The Hungarians were the first to give shape to the modern age in football. The Magical Magyars were a truly special team, the prototype for Total Football. They dominated most of the 1950s and leading upto the 1954 World Cup final, had not lost a game in four years. A record, it would stand for four decades.
Brazil adopted the Magyars’ 4-2-4 system and won the 1958 World Cup. Rinus Michels would employ similar principles and bring about a revolution in Dutch football in the 1970s. If Gusztav Sebes’ side had won that 1954 final, which they led 2-0 after eight minutes, maybe they would be more universally popular, but many footballing historians consider that team to be the best ever in history.
They were not quite as good by the time the 1960s came along, with the Cold War taking a toll on the country, but they won bronze at the 1960 Rome Olympics, reached the quarter finals of yet another World Cup in 1962 and took bronze at the 1964 European Championships. In other words, they were still pretty darn good.
In the 1960 Olympics, Hungary were placed in the same group as India, Peru and France. Peru were dispatched 6-2 and France were demolished 7-0. It was India that troubled them. Florian Albert, who would be top scorer at the 1962 World Cup, got a goal but Jarnail Singh had him on a leash otherwise. The standout player for India however, was Tulsidas Balaraman. Trailing 0-2, he scored from a deft flick to halve the deficit and chasing an equaliser, he had the Hungarian defence scrambling for cover. They resorted to shirt pulls and body checks to stop him and while they managed to hold on for a 2-1 win, it was possibly the best performance ever by a player in an Indian shirt.
Arguably the best Indian forward of all time, from 1956-62, he was the first name on the team sheet. Discovered by coach Syed Abdul Rahim in Secunderabad, he had all the attributes of a top class striker. Blessed with exceptional pace and ball control, he could finish from anywhere in the forward line. What made him even more dangerous was his ability to drop deep and pick a pass or initiate another attack at pace, drawing comparisons in recent times with Thierry Henry.
Balaram, as he was popularly called, had started his career in Hyderabad before moving to East Bengal in 1957, where he spent six years being treated like a king by adoring supporters.
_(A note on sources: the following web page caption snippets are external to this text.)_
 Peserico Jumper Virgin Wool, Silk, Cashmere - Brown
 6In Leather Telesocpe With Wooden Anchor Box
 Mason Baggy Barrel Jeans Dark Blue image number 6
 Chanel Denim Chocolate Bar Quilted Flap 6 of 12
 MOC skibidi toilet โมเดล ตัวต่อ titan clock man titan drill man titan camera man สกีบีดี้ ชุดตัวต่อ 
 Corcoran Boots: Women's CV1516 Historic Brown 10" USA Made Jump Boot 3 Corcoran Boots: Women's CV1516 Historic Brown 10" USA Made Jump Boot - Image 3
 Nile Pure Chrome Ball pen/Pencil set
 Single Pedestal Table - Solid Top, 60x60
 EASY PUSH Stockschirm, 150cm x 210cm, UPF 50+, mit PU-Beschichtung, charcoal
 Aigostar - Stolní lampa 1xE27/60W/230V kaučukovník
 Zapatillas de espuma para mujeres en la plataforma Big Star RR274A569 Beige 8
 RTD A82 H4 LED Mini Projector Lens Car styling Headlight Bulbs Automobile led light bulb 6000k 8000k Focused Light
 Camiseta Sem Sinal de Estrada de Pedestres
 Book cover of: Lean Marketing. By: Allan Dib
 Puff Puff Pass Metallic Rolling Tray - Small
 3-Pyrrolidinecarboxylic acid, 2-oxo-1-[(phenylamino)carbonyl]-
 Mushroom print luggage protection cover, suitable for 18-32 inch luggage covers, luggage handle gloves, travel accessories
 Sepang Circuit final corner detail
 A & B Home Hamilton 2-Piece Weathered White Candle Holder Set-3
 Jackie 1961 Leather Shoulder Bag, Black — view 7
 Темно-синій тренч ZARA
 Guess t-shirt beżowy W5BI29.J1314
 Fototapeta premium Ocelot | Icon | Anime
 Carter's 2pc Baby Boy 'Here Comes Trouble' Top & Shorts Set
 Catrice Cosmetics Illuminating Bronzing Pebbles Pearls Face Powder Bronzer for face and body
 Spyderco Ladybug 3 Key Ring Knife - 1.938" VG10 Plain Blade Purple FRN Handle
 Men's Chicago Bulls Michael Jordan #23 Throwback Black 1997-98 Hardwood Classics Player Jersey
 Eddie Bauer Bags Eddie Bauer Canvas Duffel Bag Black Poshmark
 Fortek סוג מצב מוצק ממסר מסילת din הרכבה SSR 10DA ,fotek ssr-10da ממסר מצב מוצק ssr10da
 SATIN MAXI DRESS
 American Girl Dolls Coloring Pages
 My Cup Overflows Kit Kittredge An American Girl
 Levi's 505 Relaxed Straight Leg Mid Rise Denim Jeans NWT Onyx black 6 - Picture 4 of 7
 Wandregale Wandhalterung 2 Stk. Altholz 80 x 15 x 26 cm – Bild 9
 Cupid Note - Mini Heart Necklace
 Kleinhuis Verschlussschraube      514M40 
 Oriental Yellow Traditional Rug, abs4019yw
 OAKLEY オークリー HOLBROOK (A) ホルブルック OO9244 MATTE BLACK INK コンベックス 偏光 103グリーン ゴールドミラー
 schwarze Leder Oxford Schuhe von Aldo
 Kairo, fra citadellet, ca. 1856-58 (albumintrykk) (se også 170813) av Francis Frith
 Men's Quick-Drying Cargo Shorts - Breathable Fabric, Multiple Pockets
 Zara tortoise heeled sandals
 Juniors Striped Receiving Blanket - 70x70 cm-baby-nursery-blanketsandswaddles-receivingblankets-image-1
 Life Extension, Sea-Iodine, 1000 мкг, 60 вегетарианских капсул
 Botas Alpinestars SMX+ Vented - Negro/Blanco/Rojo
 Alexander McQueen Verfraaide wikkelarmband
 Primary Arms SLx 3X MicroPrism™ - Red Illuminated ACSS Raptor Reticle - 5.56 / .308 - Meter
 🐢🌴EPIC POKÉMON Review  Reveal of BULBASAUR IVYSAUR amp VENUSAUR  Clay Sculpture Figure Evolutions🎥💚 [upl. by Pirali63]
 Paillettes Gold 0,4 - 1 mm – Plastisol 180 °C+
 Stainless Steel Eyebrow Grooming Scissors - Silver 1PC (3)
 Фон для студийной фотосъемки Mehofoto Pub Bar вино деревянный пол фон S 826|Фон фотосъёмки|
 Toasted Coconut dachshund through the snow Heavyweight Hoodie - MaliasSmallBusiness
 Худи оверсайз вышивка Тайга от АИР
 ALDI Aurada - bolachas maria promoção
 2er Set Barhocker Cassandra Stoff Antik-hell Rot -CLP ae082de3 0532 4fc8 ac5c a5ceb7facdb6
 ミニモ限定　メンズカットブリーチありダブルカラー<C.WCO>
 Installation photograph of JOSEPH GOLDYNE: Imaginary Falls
He switched to Bengal Nagpur Railway (BNR) in 1963 for financial security before retiring two years later.
The Tulsidas Balaraman, Chuni Goswami and P.K. Banerjee triumvirate formed India’s best forward line of all time and the lack of a Padma Shri on his mantelpiece rankles, especially since the other two were awarded a long time ago. Bitter about the snub, he lives alone in a small flat in Kolkata. The authorities may have forgotten about him, but Balaraman still gets treated like a king by football fans in the vicinity of his home and that provides him with some succour.